If you’re craving something decadent and elegant, these Creamy Seafood Stuffed Shells are the perfect dish. Jumbo pasta shells are stuffed with a rich mixture of shrimp, crab, and creamy ricotta, then baked in a luscious garlic parmesan cream sauce until bubbly and golden. This recipe is perfect for special occasions or when you want to impress with comfort food that feels gourmet.
🧄 Ingredients
For the Stuffed Shells:
- 20 jumbo pasta shells
- 1 cup cooked shrimp, chopped
- 1 cup lump crab meat (fresh or canned, drained)
- 1 cup ricotta cheese
- ½ cup shredded mozzarella cheese
- ¼ cup grated parmesan cheese
- 1 egg
- 2 tablespoons fresh parsley, chopped
- 1 teaspoon Old Bay seasoning (or seafood seasoning of choice)

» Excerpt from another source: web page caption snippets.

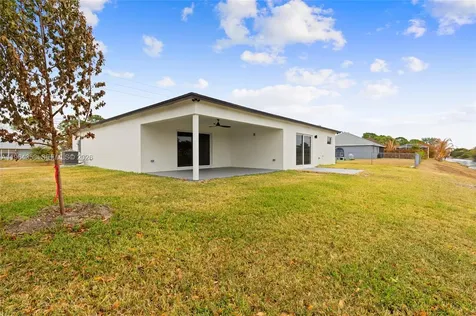 560 SW Carter Avenue Port St. Lucie FL 34983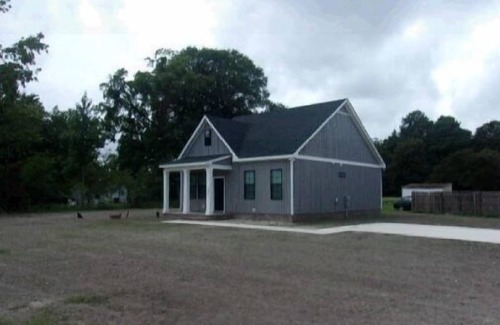 Elizabeth City Casa | 2024 Modern Farmhouse- Cozy Vibes, Rural Charm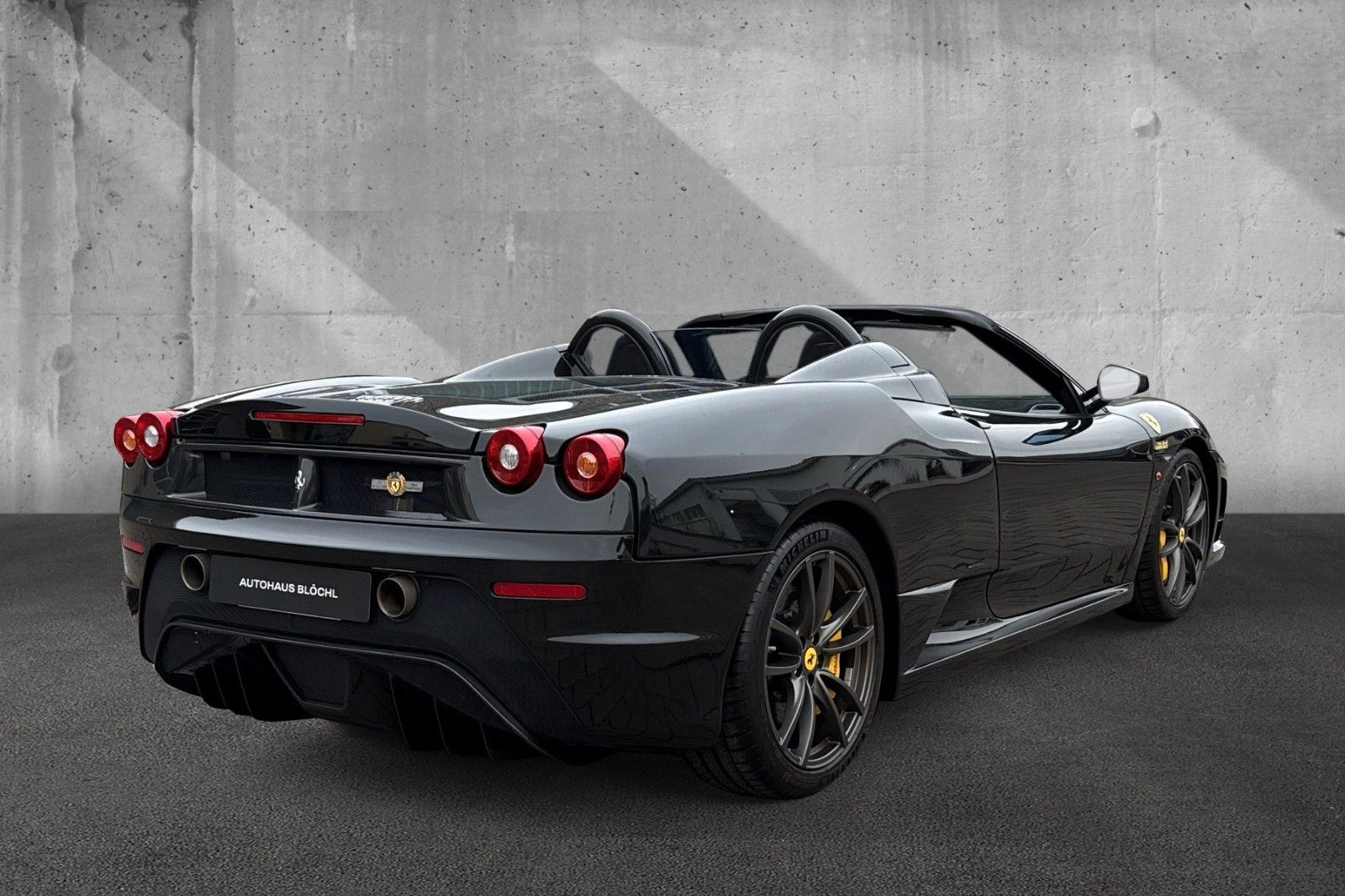 Fahrzeugabbildung Ferrari 430 Scuderia Spider 16M*dt. Auto*1.Hd*FullCarbon
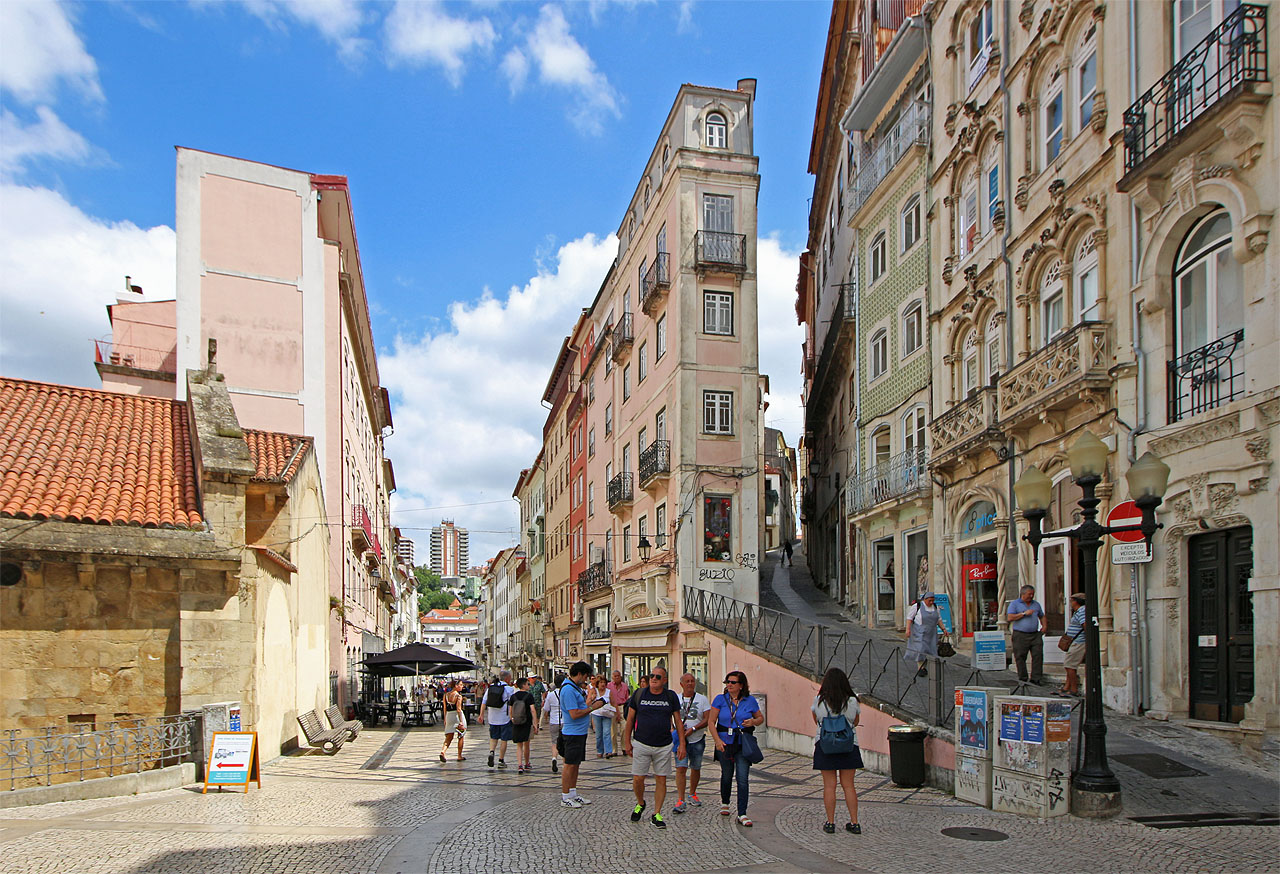 Uličky starého města v Coimbře.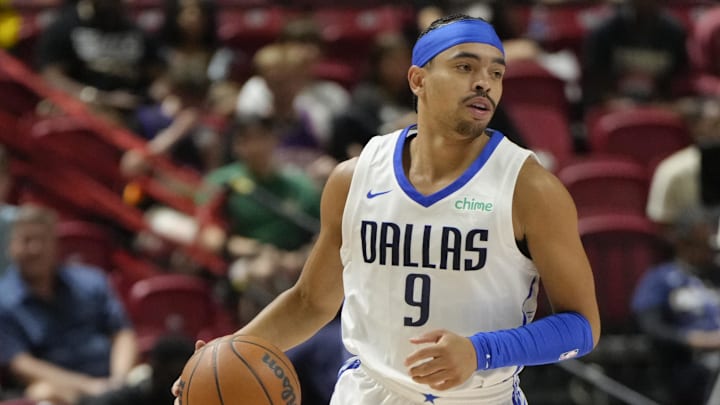 Dallas Mavericks guard Ryan Nembhard dribbles the ball against the Charlotte Hornets during the first half of a NBA basketball game at Thomas & Mack Center. Mandatory Credit: Lucas Peltier-Imagn Images
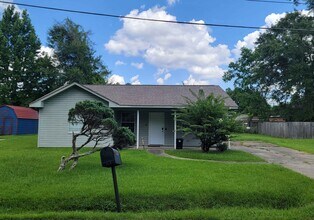 Building Photo - 204 Reca St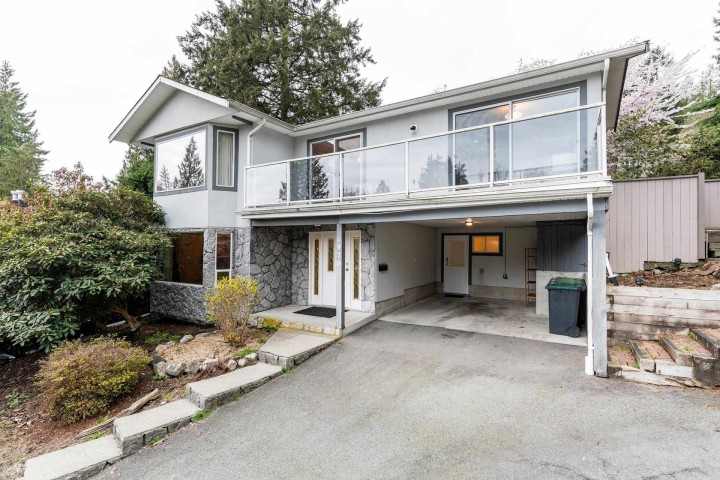 Photo 2 at 970 Frederick Place, Lynn Valley, North Vancouver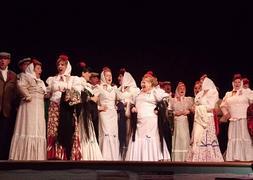 Interpretación de una zarzuela durante la actuación. :: Ayto. San Javier/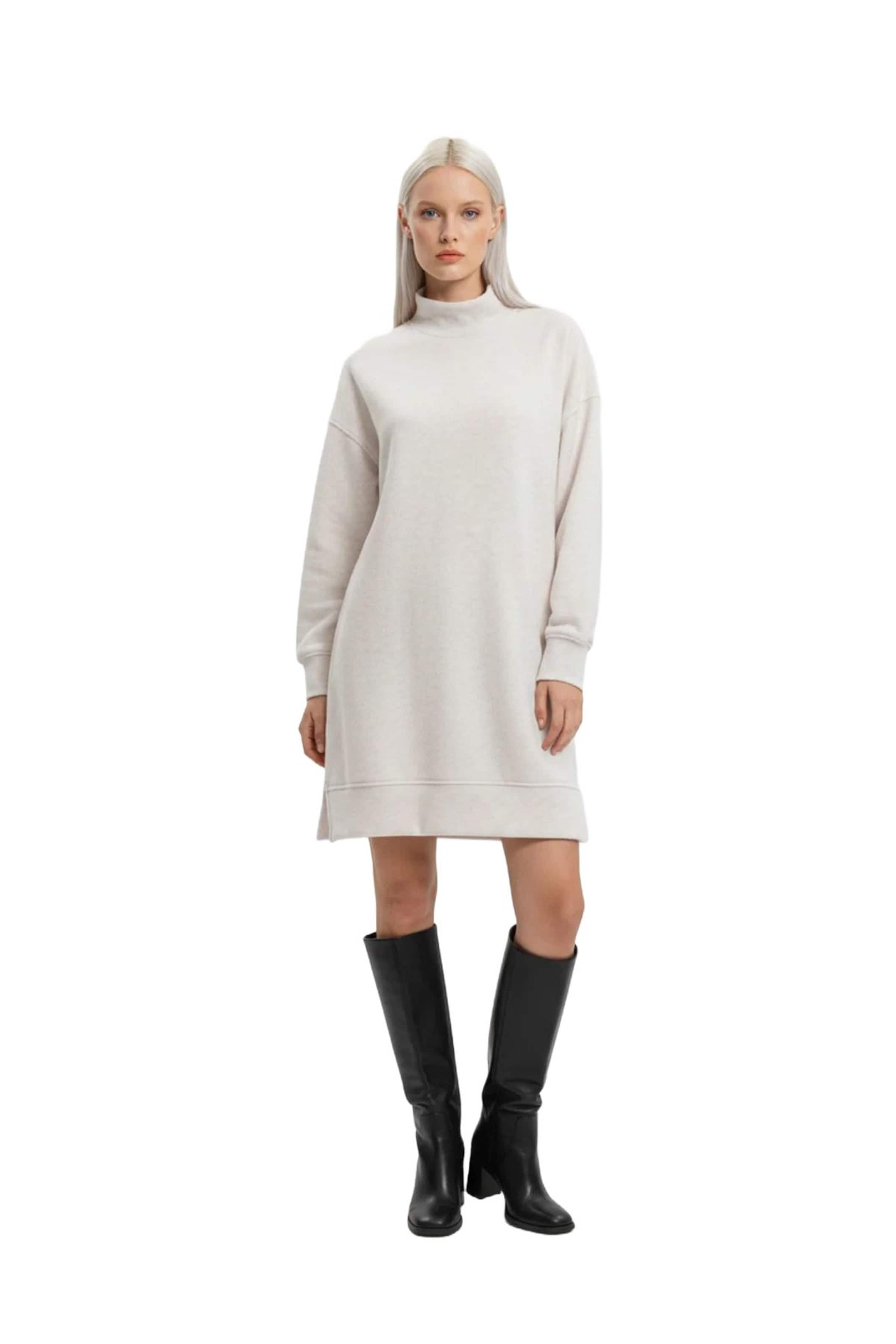 No Matter What Jurk in Beige: voorkant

- Salt and pepper, to taste
For the Cream Sauce:
- 2 tablespoons butter
- 3 cloves garlic, minced
- 2 tablespoons all-purpose flour
- 1½ cups half-and-half or heavy cream
- ½ cup grated parmesan cheese
- Salt and pepper, to taste
- Optional: pinch of crushed red pepper flakes for a hint of heat
👩🍳 Instructions
- Preheat oven to 375°F (190°C). Lightly grease a 9×13-inch baking dish.
- Cook pasta shells in salted water until al dente. Drain and set aside to cool slightly.
- Prepare the filling:
In a bowl, mix chopped shrimp, crab meat, ricotta, mozzarella, parmesan, egg, parsley, Old Bay, salt, and pepper. Stir until well combined. - Make the cream sauce:
In a saucepan, melt butter over medium heat. Add garlic and cook for 1 minute. Stir in flour and cook for another minute. Slowly whisk in cream and bring to a simmer. Add parmesan cheese and stir until thickened and smooth. Season with salt, pepper, and red pepper flakes if using. - Assemble the shells:
Spoon seafood filling into each shell and place them in the prepared baking dish. - Pour sauce over the shells, covering generously. Sprinkle with extra mozzarella or parmesan, if desired.
- Bake uncovered for 25–30 minutes, until hot and bubbly. Broil the top for 1–2 minutes for a golden finish.
- Garnish with parsley and serve hot.
💡 Tips
- Use pre-cooked seafood to save time—just chop finely and drain well.
- Don’t overcook the shells, as they’ll bake further in the oven.
- Use a piping bag or spoon to neatly fill the shells.
- Let the dish sit for 5–10 minutes after baking for easier serving.
🔁 Variations & Substitutions
- Swap ricotta for cream cheese for extra richness.
- Use scallops or lobster for an elevated seafood twist.
- Make it spicy: Add cayenne pepper or chopped jalapeños to the filling.
- Gluten-free: Use GF shells and swap flour for cornstarch in the sauce.
❓ FAQs
Can I use frozen seafood?
Yes, just thaw it completely and pat dry to avoid excess moisture in the filling.
Can I prepare this ahead of time?
Yes! Assemble the dish, cover tightly, and refrigerate for up to 24 hours before baking.
Can I freeze it?
Absolutely. Freeze before or after baking. Thaw overnight in the fridge before reheating.
What can I substitute for crab meat?
You can use all shrimp, imitation crab, or even flaked white fish like cod or tilapia.
🍽️ Serving Suggestions
- Pair with a crisp green salad or garlic bread for a complete meal.
- Serve with a glass of chilled white wine like Chardonnay or Sauvignon Blanc.
- Add steamed broccoli or asparagus for a pop of color and balance.
- Serve family-style with extra parmesan and fresh herbs on top.